• **What is required**:
Where the line containing "Appartement Papiniano 18 *" appears in the entries below, begin there and output every line through the last, exactly, minus the pictures.

[Image-text web data]
===

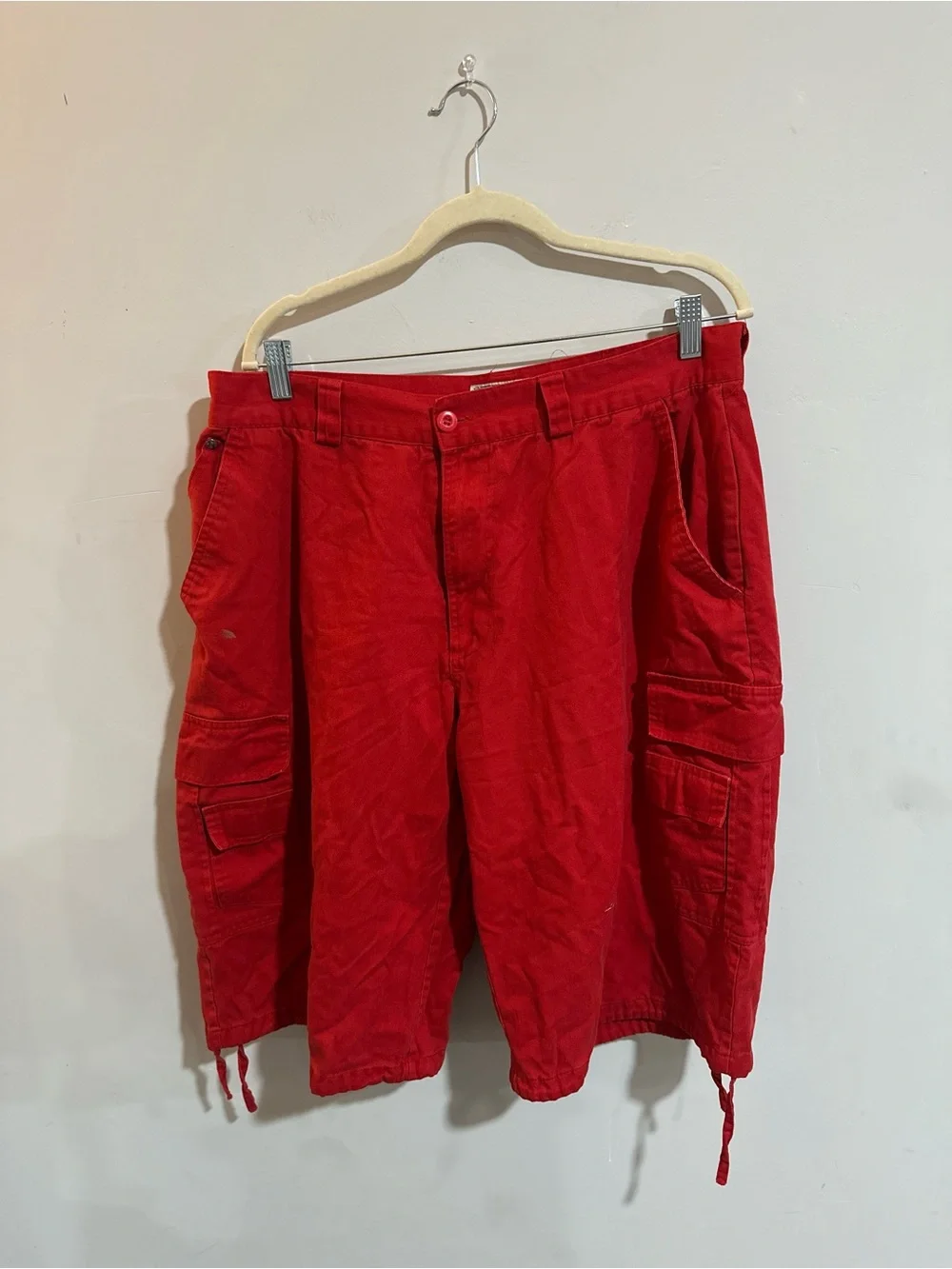 Men's Red Cargo Shorts - Casual Utility Style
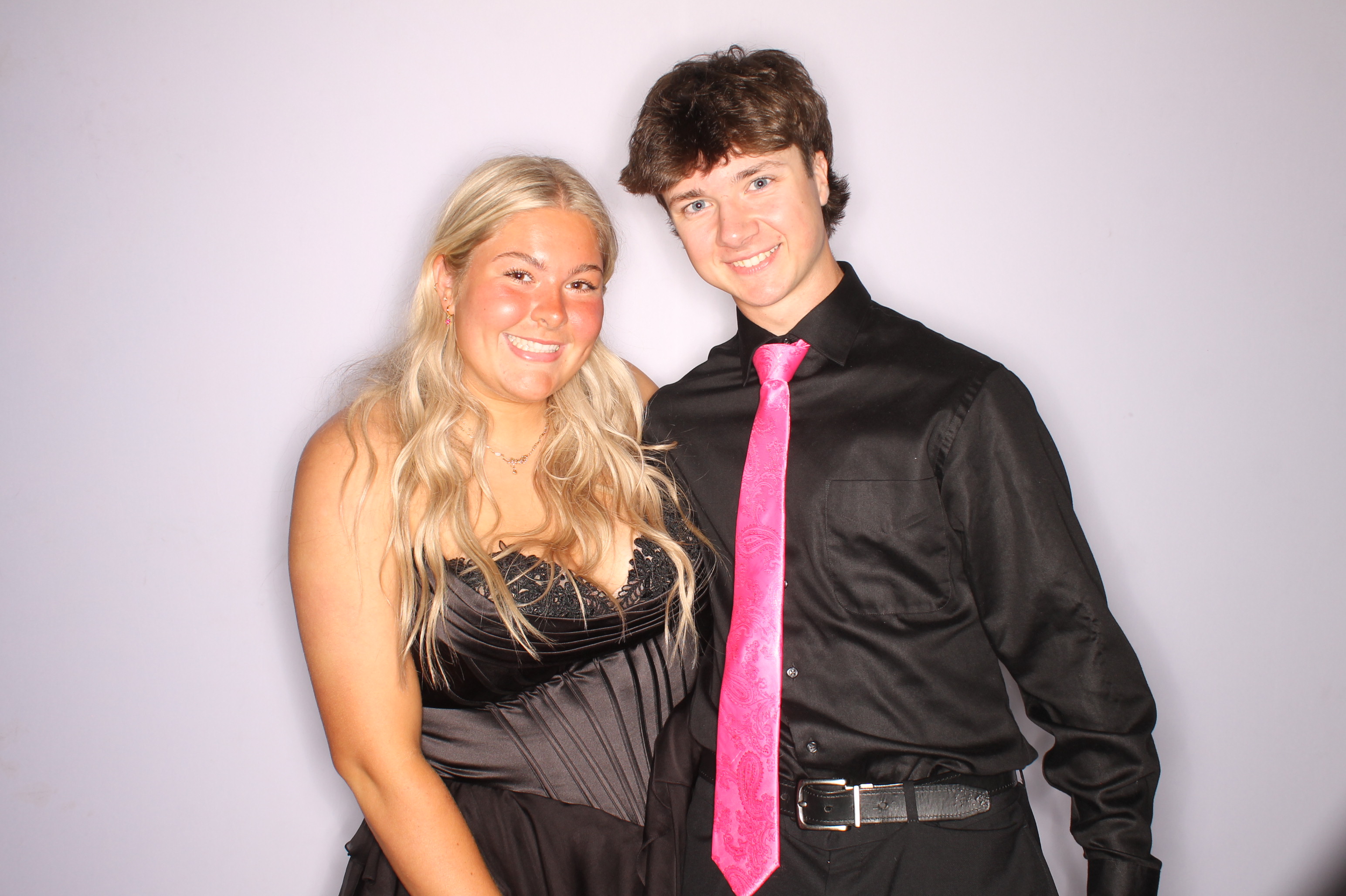 Thomas Worthington High School Prom 2025 | View more photos from the event at gallery.photoboothcincy.com/u/PhotoBoothCincy/Thomas-Worthington-High-School-Prom-2025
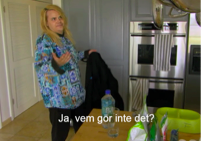 (Viaplay) Kameran filmar fortfarande TJ och vi får se hans reaktion på Britts uttalande. Han rycker på axlarna och svarar ja, vem gör inte det?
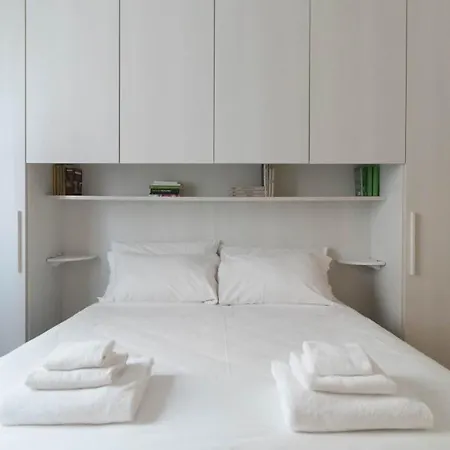 Appartement Papiniano 18 *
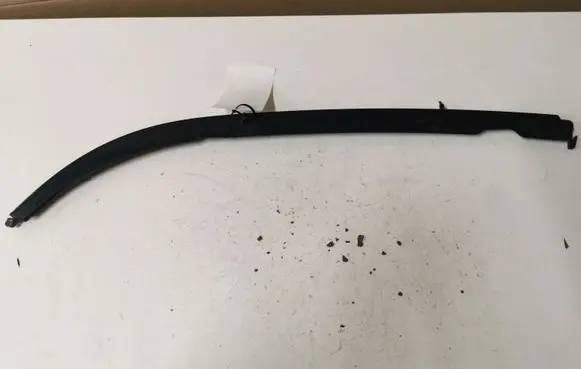 Under headlight/headlamp trim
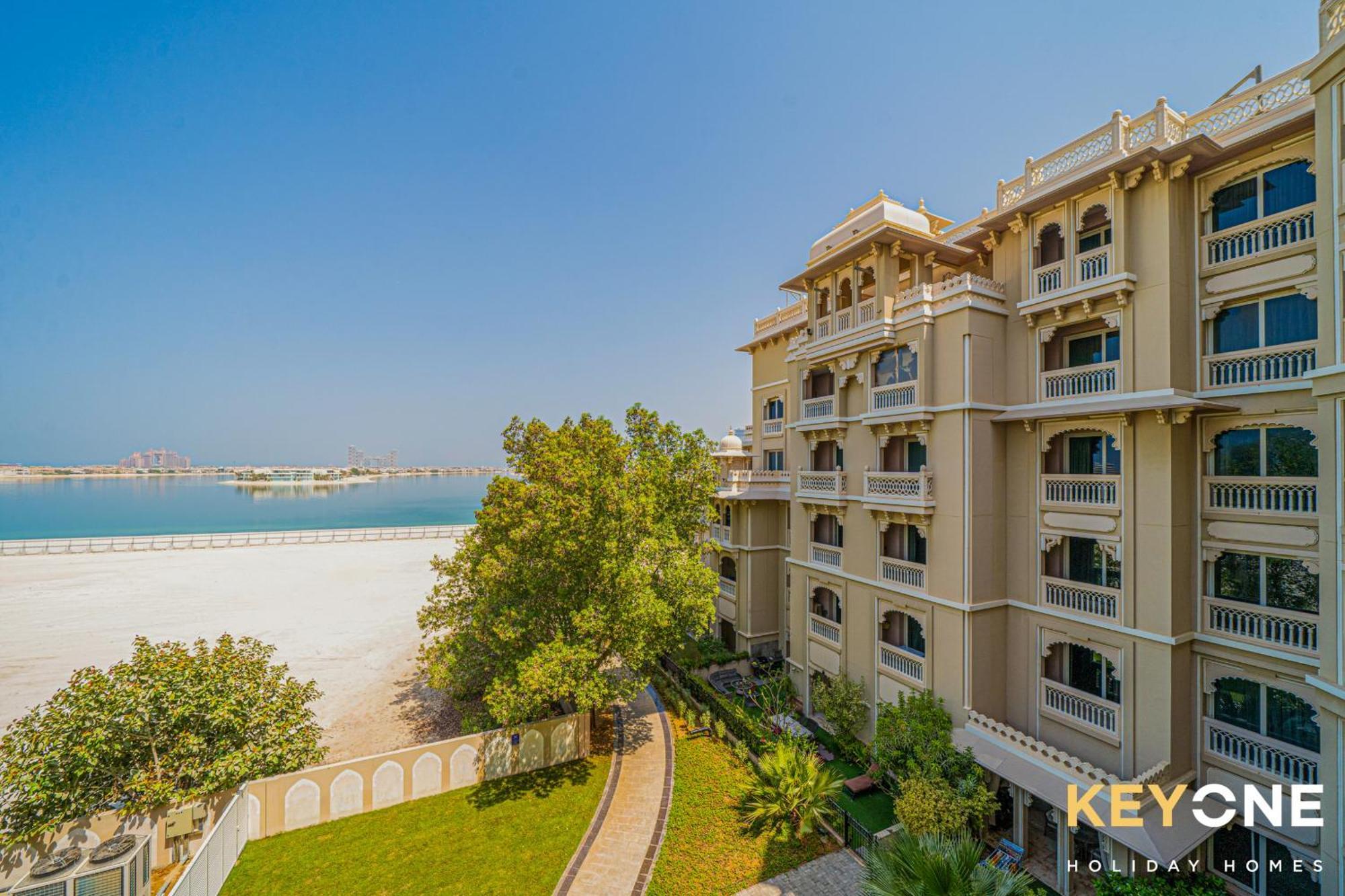 KeyOne - 2BR in Grandeur Residences *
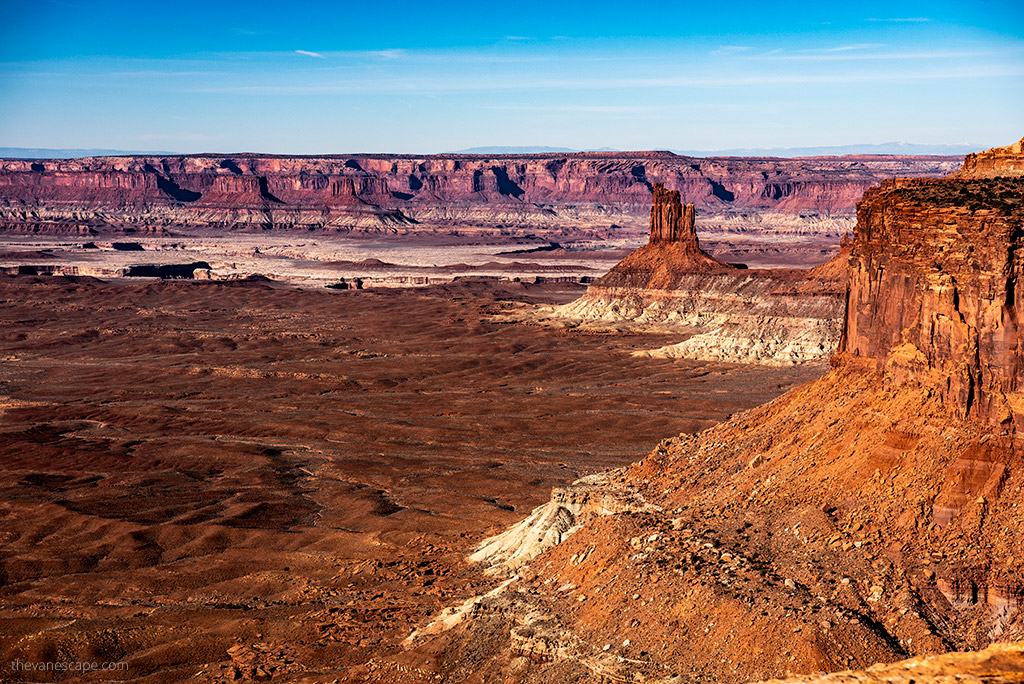 sunset over oranges rocks in Canyonlands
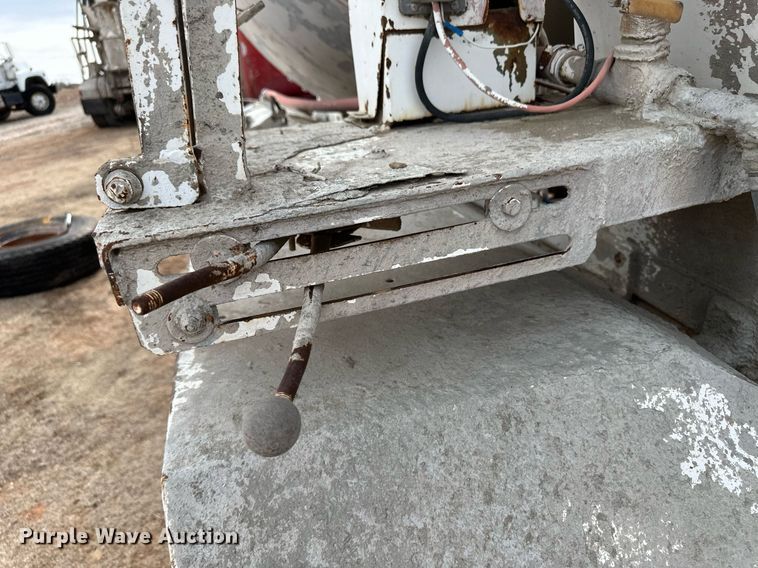 image for item DM2695 1974 Mack RD685S ready mix truck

===

• **Written answer**:
 Appartement Papiniano 18 *
 Under headlight/headlamp trim
 KeyOne - 2BR in Grandeur Residences *
 sunset over oranges rocks in Canyonlands
 image for item DM2695 1974 Mack RD685S ready mix truck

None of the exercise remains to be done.